The hatchery staff and the Centennial Committee invites
the public to be a guest at the ceremony.
The event will include all day educational activities,
formal ceremony beginning at 10:30, viewing of adult Tule fall chinook salmon,
hatchery tours, tribal cultural demonstrations, Migration Golf miniature
golf course, storytelling and much more.
In addition, the U.S. Postal Service will be on site
with a special postmark created just for the centennial. From 10 a.m. to
1 p.m. one can send mail directly from the hatchery that will bear the official
Spring Creek postmark.
Stamps will be available for purchase at the
hatchery.
The Spring Creek National Fish Hatchery, located near
Underwood, started in 1901 as an egg-hatching substation of the Little White
Salmon National Fish Hatchery.
The hatchery originally was established to compensate
for the demise of the commercial salmon fishery from overharvesting in the
19th Century.
Later, the hatchery's role grew as salmon mitigation
was need for Bonneville Dam, which was constructed in the late 1930s. Added
responsibilities came in the 1950s and 1960s, when the hatchery became a
key component of meeting the U.S. government's trust responsibility to provide
salmon for Columbia River tribes.
Finally, in the 1970s, the hatchery was further enhanced
and expanded to mitigate for native salmon lost due to the construction of
the John Day Dam.
Indigenous Tule fall chinook salmon have been raised
at the hatchery throughout its history.

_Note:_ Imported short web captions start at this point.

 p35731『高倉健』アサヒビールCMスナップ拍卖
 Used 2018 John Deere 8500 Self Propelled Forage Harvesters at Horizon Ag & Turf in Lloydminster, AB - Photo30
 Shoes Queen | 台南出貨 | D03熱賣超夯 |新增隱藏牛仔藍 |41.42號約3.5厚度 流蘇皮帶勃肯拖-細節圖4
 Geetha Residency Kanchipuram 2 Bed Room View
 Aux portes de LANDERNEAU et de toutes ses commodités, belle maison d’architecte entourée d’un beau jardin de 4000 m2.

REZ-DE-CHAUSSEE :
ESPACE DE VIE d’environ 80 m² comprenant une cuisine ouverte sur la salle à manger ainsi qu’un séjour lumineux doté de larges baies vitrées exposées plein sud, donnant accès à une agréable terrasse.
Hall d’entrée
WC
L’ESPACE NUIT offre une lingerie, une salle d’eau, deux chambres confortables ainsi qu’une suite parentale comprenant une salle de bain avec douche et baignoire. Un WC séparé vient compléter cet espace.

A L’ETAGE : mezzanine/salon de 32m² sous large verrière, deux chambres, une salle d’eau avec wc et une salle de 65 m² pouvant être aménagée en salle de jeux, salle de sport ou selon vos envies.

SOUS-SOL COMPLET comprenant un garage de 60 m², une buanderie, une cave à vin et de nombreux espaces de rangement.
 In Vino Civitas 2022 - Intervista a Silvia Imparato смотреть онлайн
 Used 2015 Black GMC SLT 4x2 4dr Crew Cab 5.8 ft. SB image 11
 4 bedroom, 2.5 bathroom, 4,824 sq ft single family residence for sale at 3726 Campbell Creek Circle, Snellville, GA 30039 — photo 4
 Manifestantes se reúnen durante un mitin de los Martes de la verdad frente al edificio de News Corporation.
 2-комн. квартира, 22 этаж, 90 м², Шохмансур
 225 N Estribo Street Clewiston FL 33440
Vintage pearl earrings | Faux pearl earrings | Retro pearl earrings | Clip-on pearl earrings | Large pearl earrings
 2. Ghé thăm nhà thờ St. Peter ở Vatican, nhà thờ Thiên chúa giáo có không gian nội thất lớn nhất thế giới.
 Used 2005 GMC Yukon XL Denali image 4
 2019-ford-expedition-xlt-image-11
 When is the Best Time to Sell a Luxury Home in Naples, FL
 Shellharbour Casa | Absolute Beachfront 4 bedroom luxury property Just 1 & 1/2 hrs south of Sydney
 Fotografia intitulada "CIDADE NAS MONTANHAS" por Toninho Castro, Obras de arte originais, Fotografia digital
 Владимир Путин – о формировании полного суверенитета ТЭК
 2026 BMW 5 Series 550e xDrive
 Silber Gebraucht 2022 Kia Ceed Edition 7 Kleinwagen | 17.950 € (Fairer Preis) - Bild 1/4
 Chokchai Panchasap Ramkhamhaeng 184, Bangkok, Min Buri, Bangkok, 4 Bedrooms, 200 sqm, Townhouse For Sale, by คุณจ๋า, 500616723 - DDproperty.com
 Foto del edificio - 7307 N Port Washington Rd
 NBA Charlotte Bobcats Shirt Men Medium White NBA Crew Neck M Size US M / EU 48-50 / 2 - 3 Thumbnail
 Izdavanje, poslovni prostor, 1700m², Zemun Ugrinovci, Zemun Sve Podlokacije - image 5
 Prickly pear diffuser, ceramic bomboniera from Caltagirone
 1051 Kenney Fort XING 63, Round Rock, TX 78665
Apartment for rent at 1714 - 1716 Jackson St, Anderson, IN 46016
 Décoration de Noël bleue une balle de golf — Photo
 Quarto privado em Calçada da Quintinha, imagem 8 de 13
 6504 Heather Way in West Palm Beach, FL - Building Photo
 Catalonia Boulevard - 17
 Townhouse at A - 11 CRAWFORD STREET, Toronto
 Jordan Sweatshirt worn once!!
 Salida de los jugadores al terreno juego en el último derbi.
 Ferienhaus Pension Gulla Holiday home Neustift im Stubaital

This is a very important stock to
the tribal, commercial and sport fishery in the Columbia Basin and Pacific
Ocean.
Through the 100 years of production at Spring Creek,
over 1.8 billion eggs have been collected and more than 1 billion fish have
been released to contribute to these important fisheries.
The future promises an exciting new restoration role
for the hatchery. The indigenous Tule fall chinook salmon have been raised
at the hatchery without any major intrusions from outside stocks and could
provide an excellent stock for an upriver restoration program on the White
salmon River if Condit Dam is removed in the future.